Information -
═══

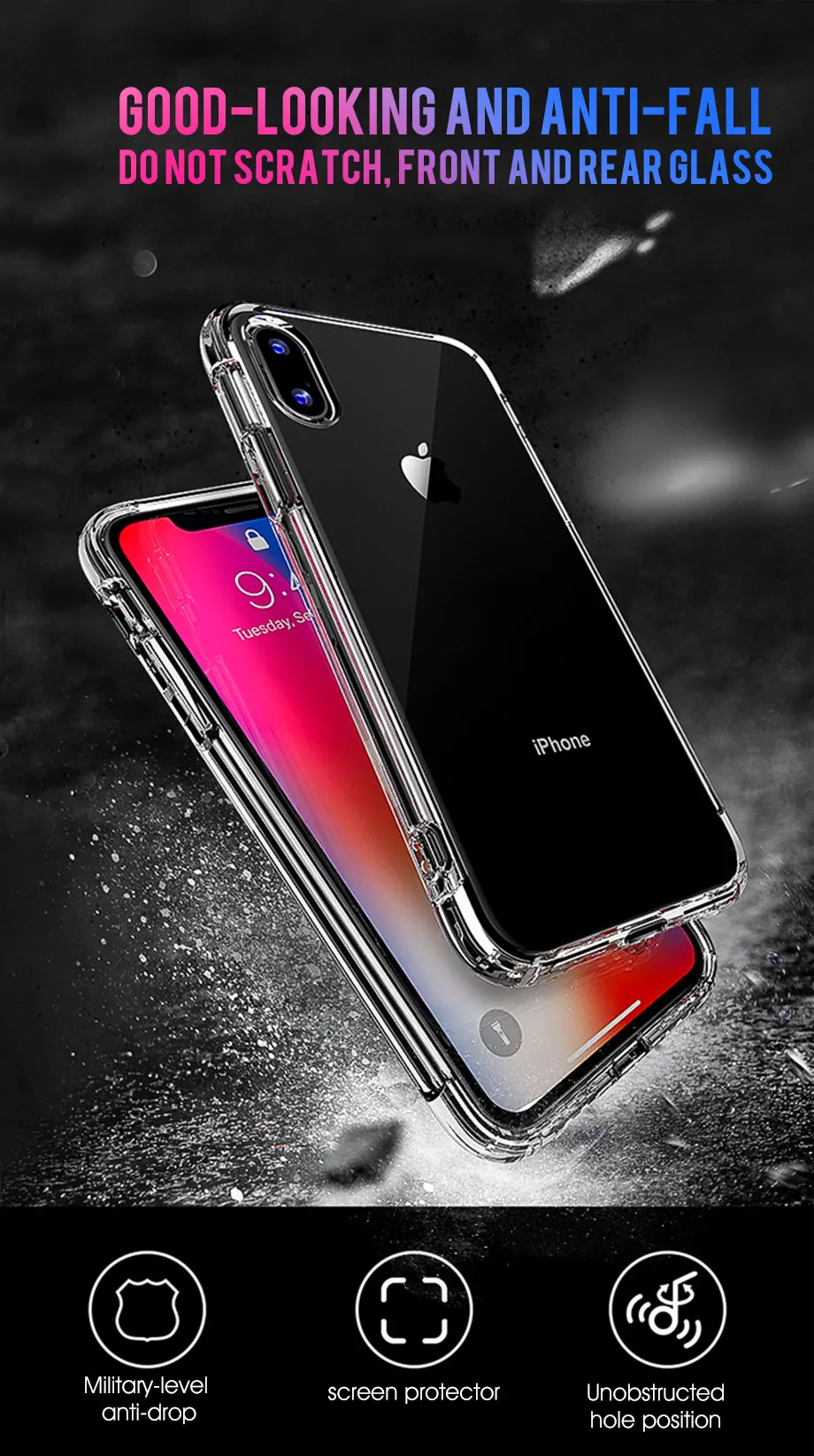 Мягкий чехол на iPhone 11 Pro Max противоударный ясное прозрачное покрытие для iPhone 11Pro X XS MAX XR 6 6S 7 8 Plus Shell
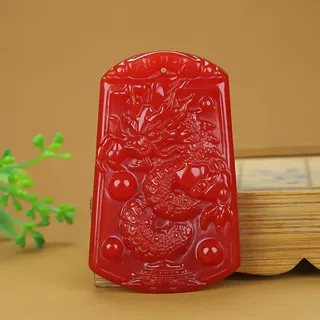 红玉挂件男士十二生肖龙守护神吊坠属龙仿真玉项链女吉祥物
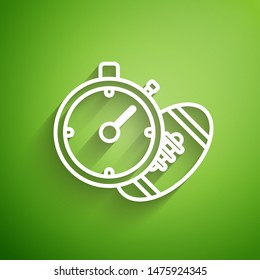 White line American Football ball and stopwatch icon isolated on green background. Set of sport equipment.  Vector Illustration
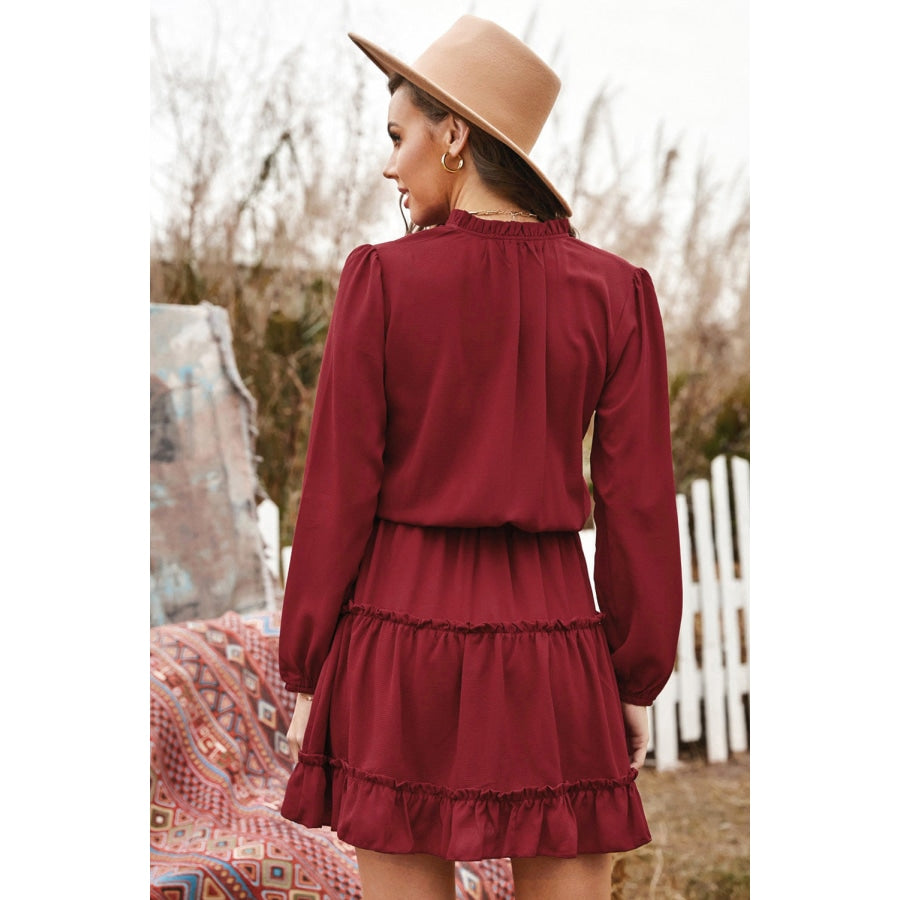 Tied Frill Trim Puff Sleeve Mini Dress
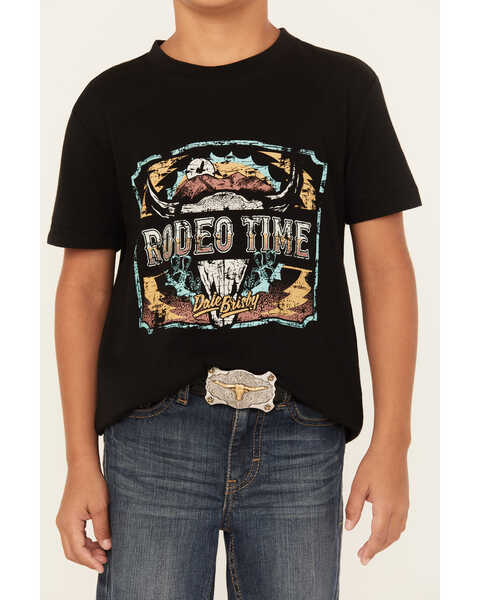 Image #3 - Rock & Roll Denim Boys' Dale Brisby Rodeo Time Short Sleeve Graphic T-Shirt, Black, hi-res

═══

Except for the pictures, give the data again word for word.

Response box -
 Мягкий чехол на iPhone 11 Pro Max противоударный ясное прозрачное покрытие для iPhone 11Pro X XS MAX XR 6 6S 7 8 Plus Shell
 红玉挂件男士十二生肖龙守护神吊坠属龙仿真玉项链女吉祥物
 White line American Football ball and stopwatch icon isolated on green background. Set of sport equipment.  Vector Illustration
 Tied Frill Trim Puff Sleeve Mini Dress
 Image #3 - Rock & Roll Denim Boys' Dale Brisby Rodeo Time Short Sleeve Graphic T-Shirt, Black, hi-res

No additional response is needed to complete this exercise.